Training
Before you start training, make sure to prepare datasets.
Training code
Codes for training is in wrappers/ns.py
(for Voicebank-Demand) and wrappers/ns_on_the_fly.py
(for DNS-Challenge).
Training codes perform the following jobs.
1. For every epoch, they train a model and writes losses to the tensorboard. If train.plot_params_and_grad
is set to true, they write parameters and gradients to the tensorboard.
2. For every epoch, they validates and writes losses to the tensorboard.

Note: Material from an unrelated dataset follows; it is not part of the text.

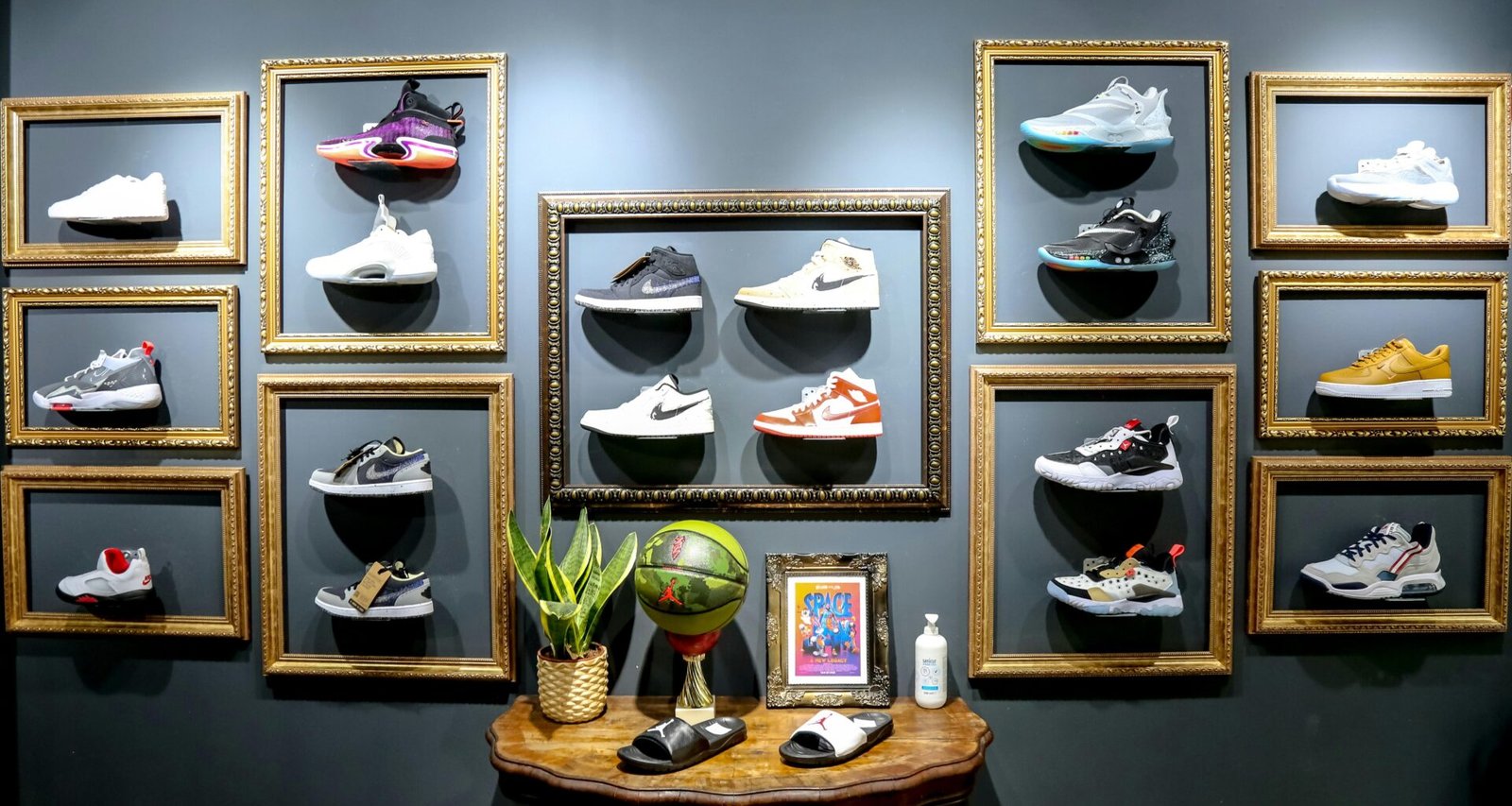 Eine Wand, an der zahlreiche Paar Schuhe verschiedener Modelle ordentlich nebeneinander ausgestellt sind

3. For every train.save_interval
epochs, it saves the checkpoints.
4. For every infer.interval
epochs, it inferences some samples and writes audios to the tensorboard.
5. For every pesq.interval
epochs, it calculates objective metrics (PESQ and STOI) and writes to the tensorboard.
You can set those interval
s in config/*.yaml
files.
Training recipes
Cleaning checkpoints
After training, many checkpoints are generated. In most cases, we only need the last one. If you want to remove all the checkpoints except the last one, This section is for you.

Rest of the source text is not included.